The group at York Minister

by Sr. Eileen Quinlan, SND, Ph.D., ’74, professor of English/communication

Wednesday was another sunny, clear day for traveling as we moved south from Scotland to England.

As we drove, our ACIS tour manager, Paul Daly, told us about 20 years of British history on Brexit and the very-connected issue of Scottish independence. Curiously, some folks think that the Mel Gibson film "Braveheart" about William Wallace—despite its major historical inaccuracies—was the emotional trigger for some of today's issues.

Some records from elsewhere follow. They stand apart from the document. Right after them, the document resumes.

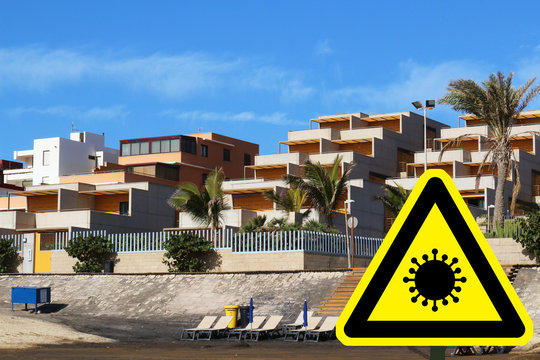 Corona virus concept with warning sign and holiday apartments at beach in background (digital composite)
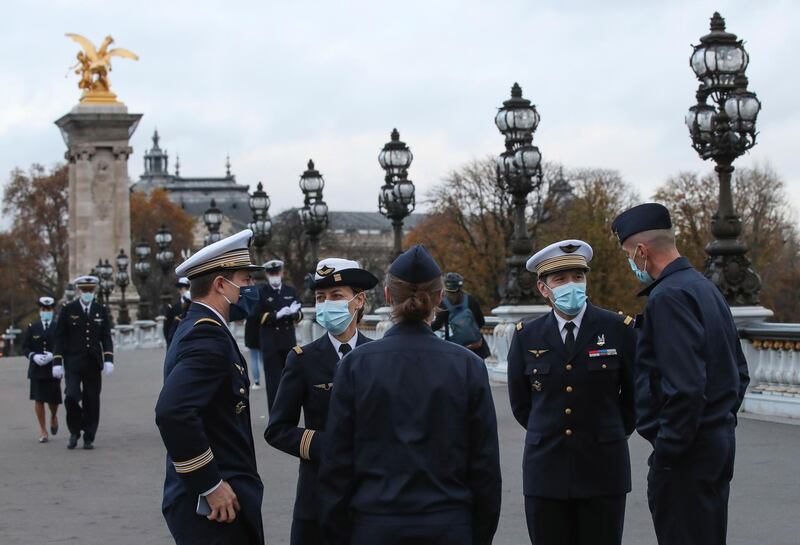 French army officers wearing face masks as a precaution against the coronavirus gather at Alexander III bridge after a military ceremony in Paris. France's health minister says the country is "progressively getting back in control" of its resurgent coronavirus epidemic but warns that it will quickly flare again if people start ignoring lockdown rules. AP Photo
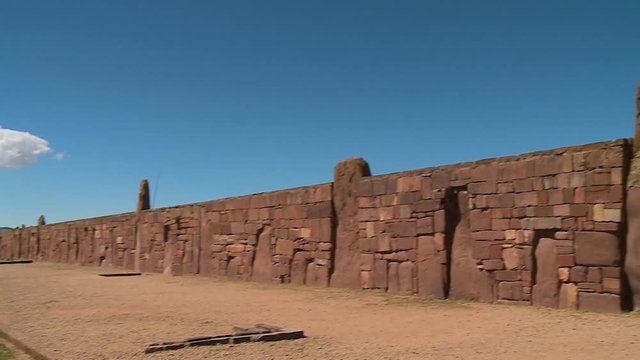 Medium close-up low-angle panning panoramic view of the ancient Kalassaya stone wall, and site visitors,  La Paz, Bolivia,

The Norman and Plantagenet kings who ruled till the cathedral was completed are depicted on the screen between the choir and the nave. This is William the Conqueror to King John.

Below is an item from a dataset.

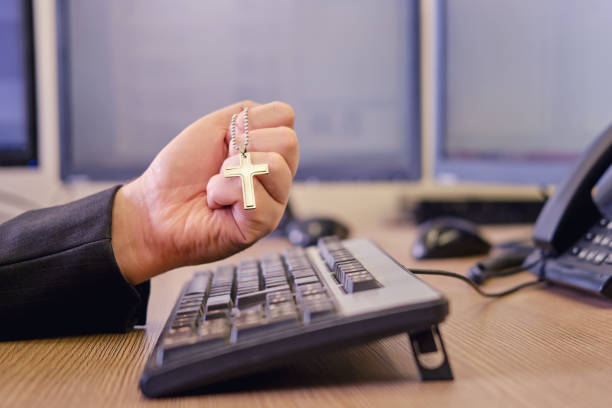 un hombre de negocios con una cruz religiosa católica en sus manos está trabajando en el teclado de una computadora en un escritorio de oficina, de cerca - desk job fotografías e imágenes de stock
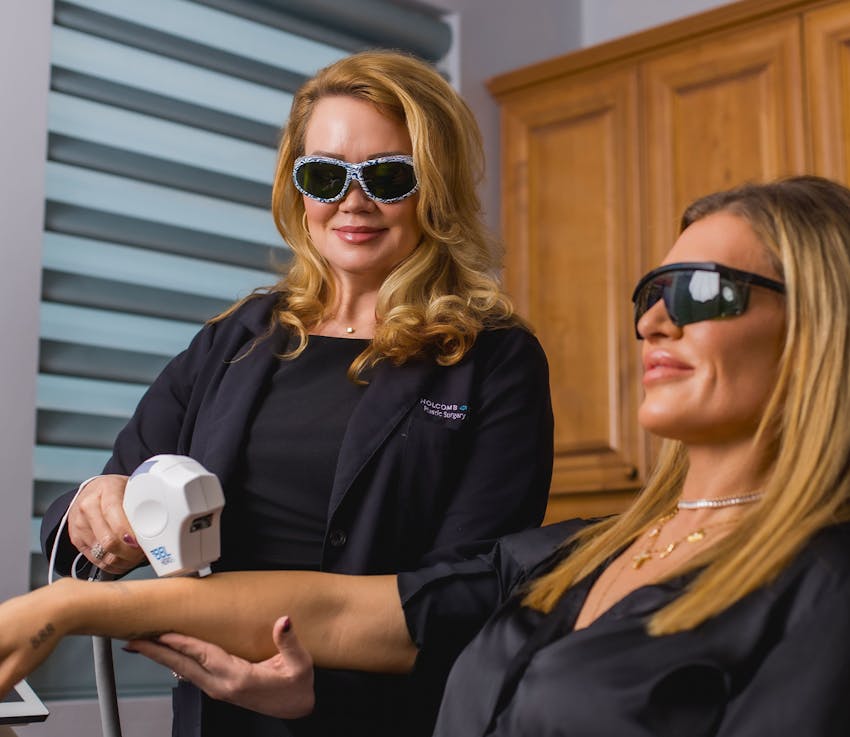 woman using BBL photorejuvenation tool on patients arm while they both wear protective eyewear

Our southbound route hugged the coast of the North Sea, where the U.K. has built many wind farms. We stopped at Bamburgh Castle on the coast, caught a glimpse of Lindisfarne (the Holy Isle) and then visited the ancient cathedral in Durham, where the Lindisfarne Book of the Gospels is housed.


Notre Dame learns politics and prayer in the U.K. (far left), with Evensong in the choir at York Minster.

In York, we had the afternoon to see York Minster, which is the ancient cathedral of the region, as well as to do some shopping. Many of us attended Evensong, which was led by clergy of the Minster and sung by about 16 girl choristers, who are perhaps 8 to 14 years of age, accompanied by organ. The final hymn was part of a Pergolesi "Stabat Mater." Their voices, and faces, were exquisite.

The center of York still shows its medieval roots, with narrow cobbled streets, a broad market square, the Castle and the towers of the enormous minster looming over the town.

After dinner in the city, we walked back to our hotel through The Shambles, a narrow, curved street which had been the home of the butchers in the Middle Ages, and where the home of St. Margaret Clitherow is now a small shrine chapel.